Mark Roman | February 7, 2014 | Articles
Social media has exploded in popularity in the last decade. Many people enjoy using sites like Facebook and Twitter to keep in touch with friends and family. At the same time, use of social media has raised some serious concerns about privacy. Media reports tell us that people venting about their jobs on social media have been fired for doing so. Others worry that potential employers will view their social media posts before making a decision about whether to hire them.
Balancing privacy concerns against free access to information has created dilemmas for courts as well. Parties to lawsuits now routinely seek information about social media posts from their opponents, hoping to find damaging statements or photos which can be used in court.
Because the issue is relatively new, courts around the country have not reached a consensus about what social media information is fair game. Fortunately, the Florida appeals court for the Tampa Bay area recently took a step to provide some guidance on this subject. It limited the type of information an opposing party could discover from a plaintiff in a personal injury case.
The case, Root v. Balfour Beatty Construction, began when a small child was injured after being struck by a vehicle on a construction site. His mother sued the construction company and alleged it had made the work site unsafe for pedestrians.
The construction company then asked to see the mother’s Facebook postings from her personal account. The request was broad, and included any posts relating to her relationship with her injured son and other children, relationships with husbands, boyfriends, and family members, and any posts concerning mental health and alcohol or drug use. The mother refused to provide that information, and the dispute went to the Second District Court of Appeal for a decision.
The appeals court found that social media evidence is discoverable generally. However, it also said there must be limits.

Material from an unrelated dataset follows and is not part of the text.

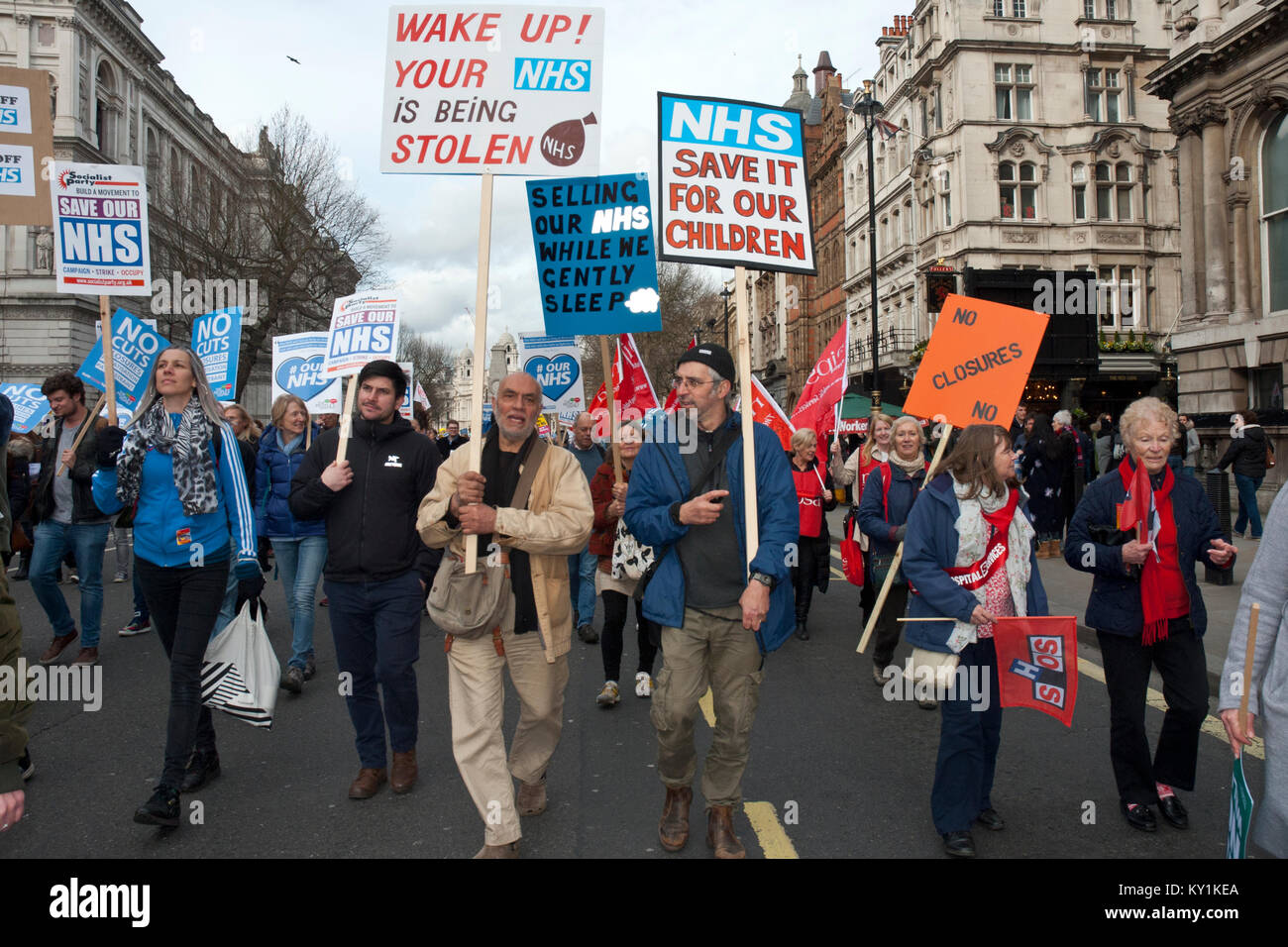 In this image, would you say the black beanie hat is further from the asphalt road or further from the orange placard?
the orange placard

Just as with other information parties are required to disclose, it must be relevant, or at least have a reasonable hope of leading to something relevant.
Using those guideposts, the court found the information being requested by the defense was too remote from the real issues. The court said the focus should be on the impact the son’s injury had on his mother. Instead, the court wrote, the defense was asking for postings about the mother’s relationship with her other children, family members, and boyfriends, along with other extraneous information about mental health, substance abuse, and other lawsuits. It concluded that courts should guard against this “type of carte blanche discovery.”
It is good that our appeals court has provided some much-needed guidance about this developing area of law. Having said that, we continue to believe that people – even those not involved in lawsuits – should be very careful about what they post on social media. The law on this issue is still at an early stage, and there may be changes on the way. And of course, you don’t have to be part of a lawsuit to have social media get you in trouble with friends, acquaintances, or potential employers.